At any given time I’m usually reading (at least) one book, and listening to an audiobook during my commute. Sometimes I work on similar books for “reading” and “listening” at the same time, but most often I try to go down different paths with the two books.
Right now, I’m listening to Philip K. Dick’s The Eye in the Sky.

It’s one of Dick’s earlier novels, in fact arguably the earliest one that really had that provocative Phildick quality. It was first published in 1957, and the super-quickie plot summary is as follows: Following an industrial lab accident, an out-of-work engineer finds himself, along with his wife and a few others, catapulted into an alternate world of Old Testament religious fundamentalism, where prayer and miracles and plagues of locusts are part of daily life.
Philip K. Dick is one of those writers I find interesting enough to think about and talk about, but I don’t actually find myself reading his work very often.

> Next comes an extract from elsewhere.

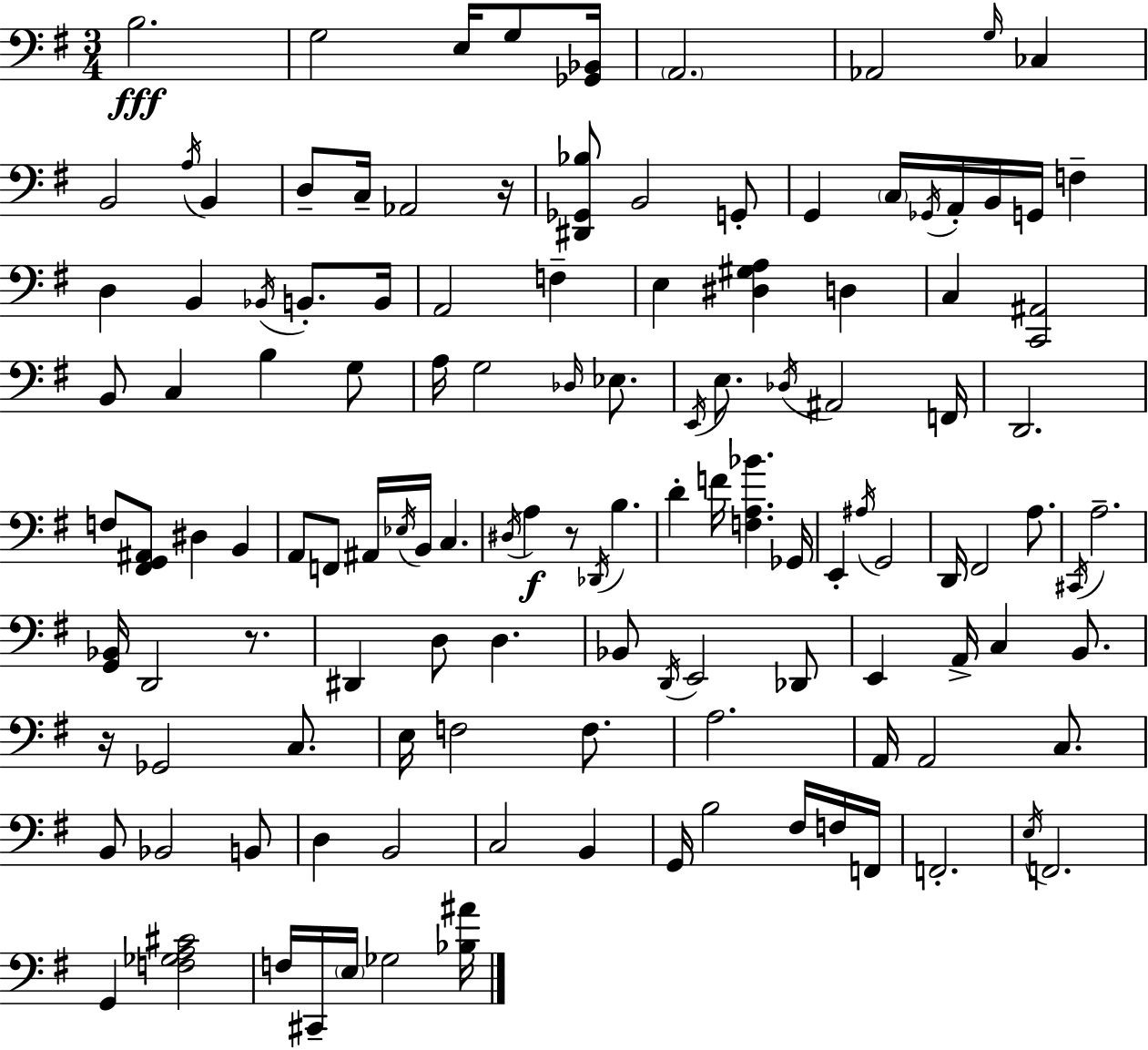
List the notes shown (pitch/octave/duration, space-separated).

B3/h. G3/h E3/s G3/e [Gb2,Bb2]/s A2/h. Ab2/h G3/s CES3/q B2/h A3/s B2/q D3/e C3/s Ab2/h R/s [D#2,Gb2,Bb3]/e B2/h G2/e G2/q C3/s Gb2/s A2/s B2/s G2/s F3/q D3/q B2/q Bb2/s B2/e. B2/s A2/h F3/q E3/q [D#3,G#3,A3]/q D3/q C3/q [C2,A#2]/h B2/e C3/q B3/q G3/e A3/s G3/h Db3/s Eb3/e. E2/s E3/e. Db3/s A#2/h F2/s D2/h. F3/e [F#2,G2,A#2]/e D#3/q B2/q A2/e F2/e A#2/s Eb3/s B2/s C3/q. D#3/s A3/q R/e Db2/s B3/q. D4/q F4/s [F3,A3,Bb4]/q. Gb2/s E2/q A#3/s G2/h D2/s F#2/h A3/e. C#2/s A3/h. [G2,Bb2]/s D2/h R/e. D#2/q D3/e D3/q. Bb2/e D2/s E2/h Db2/e E2/q A2/s C3/q B2/e. R/s Gb2/h C3/e. E3/s F3/h F3/e. A3/h. A2/s A2/h C3/e. B2/e Bb2/h B2/e D3/q B2/h C3/h B2/q G2/s B3/h F#3/s F3/s F2/s F2/h. E3/s F2/h. G2/q [F3,Gb3,A3,C#4]/h F3/s C#2/s E3/s Gb3/h [Bb3,A#4]/s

I think he’s more notable for his ideas, for pushing the envelope and questioning assumptions, than for his actual writing. Certainly he’s a beloved name in the realm of science fiction, but he’s one of those writers whose books are more interesting in summary than they actually read on the page.
Still, I’d say he has a lot of value even as just a provocateur. And Dick was certainly one of the more interesting personalities or “characters” in science fiction when I was growing up, along with Harlan Ellison.
Speaking of Philip K. Dick, there’s a Dick biography by Lawrence Sutin that is one of the more interesting author bios I’ve ever read. It’s focused quite a bit on Dick’s late-life religious/metaphysical/psychotic experiences, hence the title Divine Invasions.
I’m no more than 1/4 of the way through this audiobook so I’ll write more about it later. Just wanted to write a little something about it, as I’m having fun revisiting a writer I think about a lot, and regard highly, but don’t actually read often enough.